Diament Trzebielino - Pogoń Lębork 0:6 (0:4)
bramki: 0:1 Wardziński (‘2), 0:2 Madziąg (’26), 0:3 Morawski (’36), 0:4 Formela (’43), 0:5 sam. (’47), 0:6 Sadowski (’90)

Diament: Dobrowolski – Rejak, Bronka, Itrych, Rabenda (’83 Beger), Borowiński, Terefenko, P. Kępa ('53 Stoltman), Kundro, Zawada (’77 Gostomski), Wólczyński ('28 K. Kępa)

Pogoń: Katzor – Wesserling (’67 Wierzbowski), Musuła, Haraszczuk, Fudala, Morawski (’46 Kuss), Sychowski, Formela (’46 Sadowski), Kłos, Madziąg, Wardziński (’70 Miszkiewicz)

Pewne i wysokie zwycięstwo w V rundzie Pucharu Polski zanotowała na tydzień przed startem rozgrywek IV ligi drużyna Pogoni. Przeciwnikiem lęborczan była 14. drużyna słupskiej okręgówki Diament Trzebielino.
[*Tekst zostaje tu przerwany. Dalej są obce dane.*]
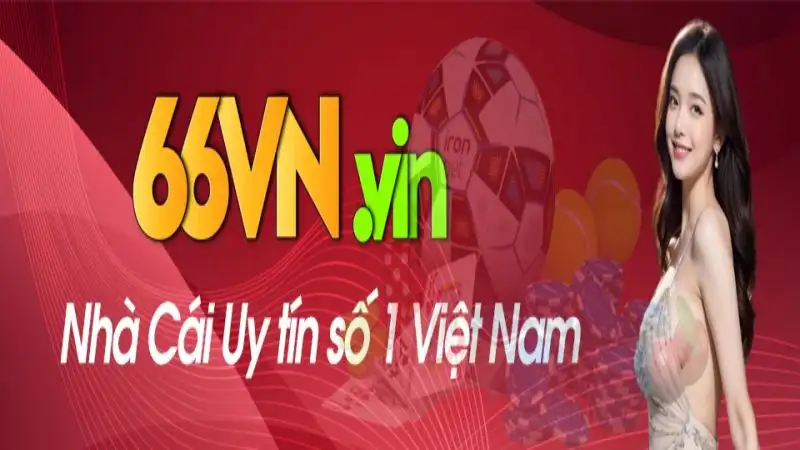 66vn 1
Ostatni raz Pogoń w Trzebielinie grała w marcu 2013 wygrywając 5:0. Od tego czasu gminny stadion bardzo się zmienił. Pojawiła się świetlna tablica z wynikami i nowa trybuna z „zdobycznymi” 350 niebieskimi krzesełkami z przebudowanego przed Euro 2012 stadionu Lecha Poznań.

Pucharowe spotkanie toczyło się praktycznie do jednej bramki. Już w 2 minucie prowadzenie Pogoni dał Maciej Wardziński. W 18 minucie „Wara” miał szansę podwyższyć wynik, ale jego strzał głową odbitej po poprzeczce Sychowskiego piłki minimalnie minął bramkę. W II połowie aktywny Wardziński groźnie zderzył się z bramkarzem Diamentu i pobijany w 70 minucie został zmieniony przez Miszkiewicza. 26 minuta i mamy 2:0 po akcji Madziąga zakończonej przelobowaniem bramkarza Diamentu. Asystował mu Morawski. 10 minut później skutecznie po rzucie rożnym główkuje Morawski, a wynik na 4:0 do przerwy ustala w 43 minucie Formela.
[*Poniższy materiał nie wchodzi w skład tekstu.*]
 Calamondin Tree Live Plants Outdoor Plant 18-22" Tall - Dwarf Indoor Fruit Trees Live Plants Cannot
Na drugą połowę trener Walkusz do boju wysłał Kussa, który zastąpił Morawskiego i Sadowskiego za Formelę. Mateusz Sychowski, specjalista od rzutów wolnych swoją skuteczność potwierdził tuż po wznowieniu gry egzekwując rzut wolny z pobliżu narożnika boiska w taki sposób, że uderzona piłka odbiła się od zawodnika Diamentu i wpadła po długim słupku do bramki. Gol zdobyty, choć zaliczony jako bramka samobójcza. Ostatnie pół godziny to nieco słabsze tempo. Wynik na 6:0 ustalił tuż przed ostatnim gwizdkiem Mateusz Sadowski.
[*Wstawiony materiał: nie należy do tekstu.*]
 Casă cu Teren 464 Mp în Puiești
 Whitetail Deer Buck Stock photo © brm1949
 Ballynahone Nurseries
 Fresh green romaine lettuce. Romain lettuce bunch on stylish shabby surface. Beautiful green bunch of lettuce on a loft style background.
- Wynik 6:0 nie oddaje w pełni tego co się działo na boisku. Uważam, że zespół Diamentu zasłużył na jedną bramkę, a my tych bramek też powinniśmy zdobyć troszeczkę więcej. Jak widać przejście ze sztucznej na naturalną murawę zawsze jest problemem. Na początku meczu ta gra wyglądała nie tak jakbym sobie tego życzył. Mamy jednak 6:0 i kolejną rundę pucharu przed nami i to jest najistotniejsze - mówił na gorąco po meczu trener Pogoni Waldemar Walkusz. - Martwi mnie trochę uraz Maćka Wardzińskiego. Mam nadzieję, że do pierwszego meczu się wykuruję. To co dla nas najważniejsze zaczyna się za tydzień.

Pogoń przechodzi do VI rundy Pucharu Polski czyli 1/8 finału wojewódzkiego. Teraz czekamy na losowanie. Termin kolejnej rundy wyznaczono na 20 kwietnia br.